The hatred between the schools has dissipated with time, but the rivalry shows no signs of letting up. On November 11, Fox Tech and Lanier met in the 64th Annual Chili Bowl game, a San Antonio sports tradition that towers above all others, a game that brings together four generations of locals every November for neighborhood bragging rights.

In a sense, the modern, polite edition of the Chili Bowl is a sports anomaly. Great sports rivalries usually rely on equal portions of competitive history and mutual animosity.

For example, the Texas-Texas A&M series might derive its cultural gravitas from a football tradition that extends back more than a century, but its fire comes from the fact that Longhorns think of Aggies as provincial, cow-milking hayseeds and Aggies think of Longhorns as flag-burning freaks. Similarly, Joe Frazier and Muhammad Ali might have been the two best heavyweight boxers ever to meet in a high-stakes trilogy, but the real lure of the series was that Frazier viewed Ali as an egotistical pretty boy who needed to get that prettiness knocked off his mug, while Ali saw Frazier as a dim-witted tool of the white establishment.

The Chili Bowl, at least in its 2006 incarnation, is remarkably free of such hatred and venom. The annual high-school gridiron clash between Lanier and Fox Tech features two schools with too much in common for either of their partisans to deny. The two oldest high schools in the San Antonio Independent School District, Lanier and Fox Tech are overwhelmingly Latino, predominantly blue-collar, with vocational roots and a strong ROTC presence on campus.

Of course, there are minor differences. Lanier is very much a neighborhood school, a Westside institution across the street from the Guadalupe Community Center and just a couple of blocks up from Botello Food Store. Fox Tech represents the downtown area, not a neighborhood per se, and many of its kids are bused in from other parts of town.

But these distinctions seem small in the face of their similarities. You might hear the occasional Lanier or Fox Tech student blurt out a “they suck” gibe against their local rival, but when these student bodies stare each other down from opposite ends of Alamo Stadium, they know they’re essentially looking at themselves in the mirror.

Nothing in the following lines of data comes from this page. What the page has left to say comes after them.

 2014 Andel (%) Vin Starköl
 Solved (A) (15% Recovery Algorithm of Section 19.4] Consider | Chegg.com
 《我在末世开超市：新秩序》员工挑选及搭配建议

This game isn’t about personal loathing or playoff implications (although the game has decided the District 28-4A championship two years in a row). It’s a neighborhood-pride war, played out over a series of generations, and destined to forever remain unsettled. Family alliances formed when these teams first clashed in 1940, and in the days leading up to this year’s game, the depth of those attachments is unmistakable.

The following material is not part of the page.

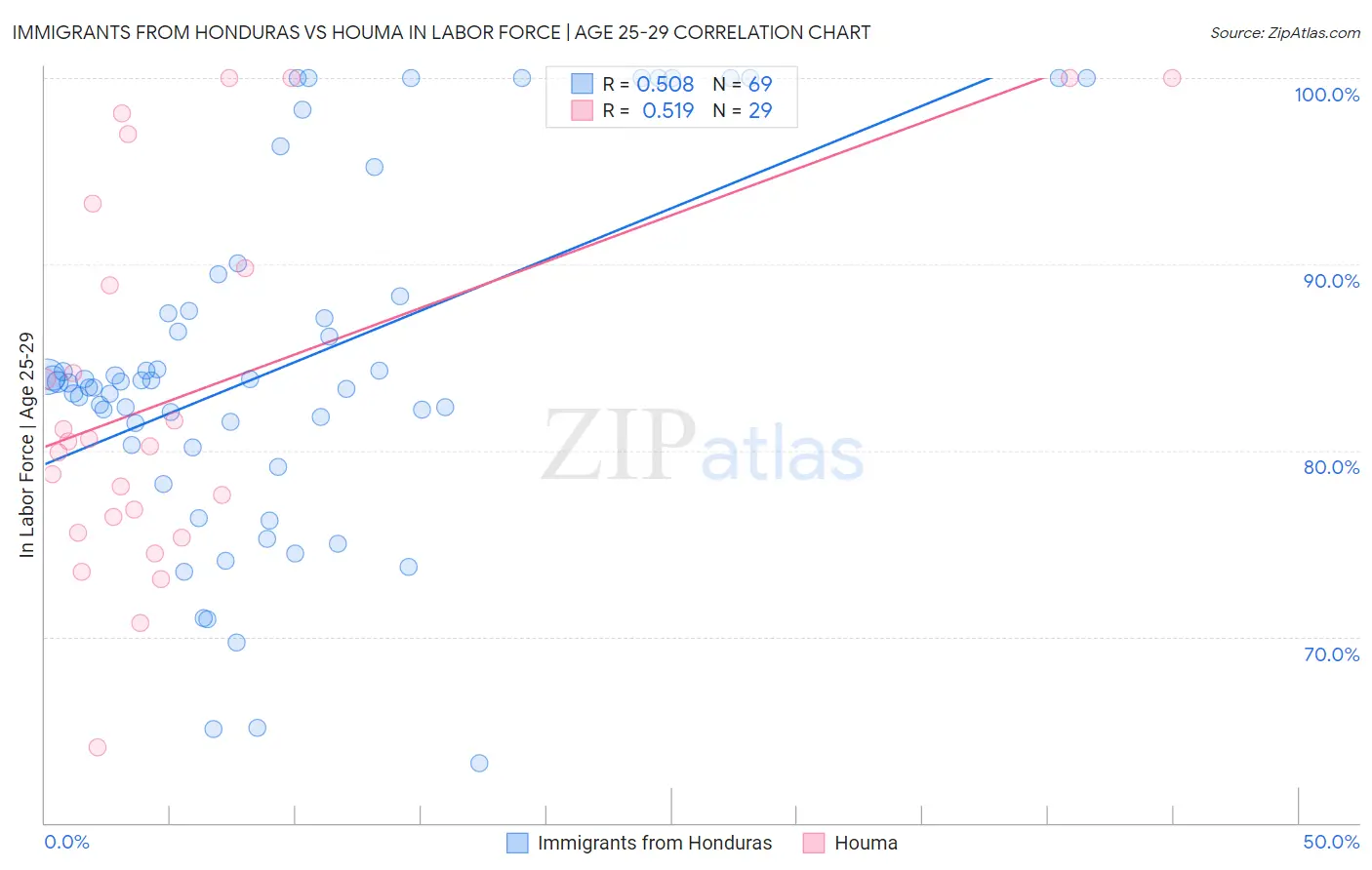 Immigrants from Honduras vs Houma In Labor Force | Age 25-29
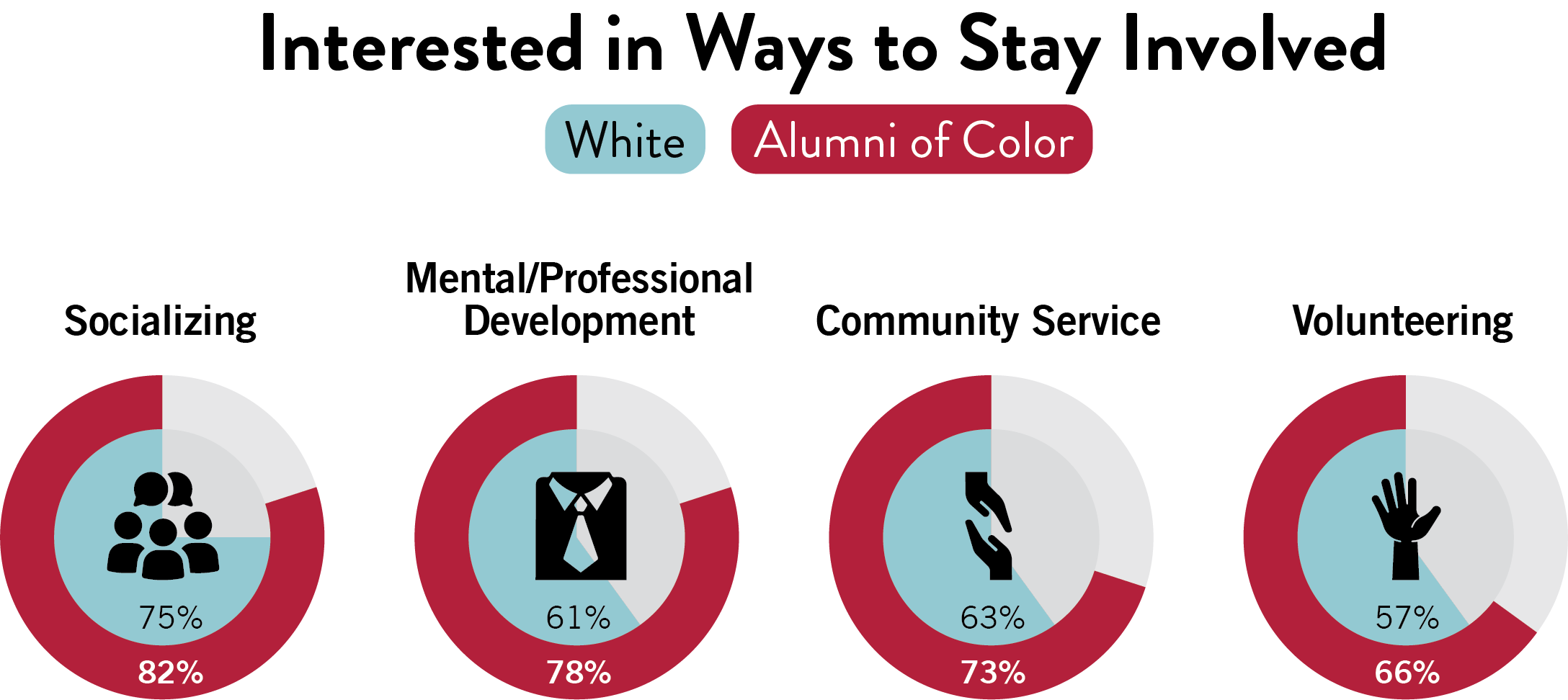 Chart comparing interest in staying involved for different groups (undergraduate vs. graduate, Catholic vs. Other vs. None, White vs. Alumni of Color). Activities include socializing, community service, athletics, spiritual, mental/professional development, and volunteering.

At 7:45 a.m. on Friday, November 10, Lanier students and teachers gather in the school’s mall for the first of two pep rallies that day. The mall is an undulating sea of blue. Most students wear blue T-shirts with proclamations such as “Flying High with West Side Pride” or “Twenty Ten to the End.” The second-floor landing is decorated to resemble an old battleship dubbed “the Blue Pearl.” A few students display blue streaks in their hair and some have even painted their faces blue.

Thomas Amaro, 14, is one of the students with a painted face. “It was my mom’s idea,” he says with a sheepish grin. He adds that the Chili Bowl “means everything. It’s like war. It’s all about rivalry.”

Almost every muffled, distorted pronouncement that comes from the makeshift stage is completely indecipherable, but students dutifully respond to each indistinct microphone belch with more shrieks of excitement than you would have heard at a 1997 Backstreet Boys show.

Suddenly, without warning, Lanier’s strange Voks mascot — a giddy mechanical gear who apparently loves high-school football — bounds across the stage with Gumby-esque grace, and the Lanier cheerleading squad responds with a double-dare-ya-to-make-noise chant probably as old as the Chili Bowl itself.

“We’ve got spirit, yes we do! We’ve got spirit, how ’bout you?”

Five minutes away from the Lanier campus, the Fox Tech band runs through a morning rehearsal for the school’s annual pre-Chili-Bowl march on City Hall. All week, school receptionists have answered the phone with the following greeting: “Fox Tech beat Lanier.” This morning, the school releases a week’s worth of pent-up nervous energy with a long walk meant to affirm Fox Tech’s place as the self-described “Pride of Downtown.”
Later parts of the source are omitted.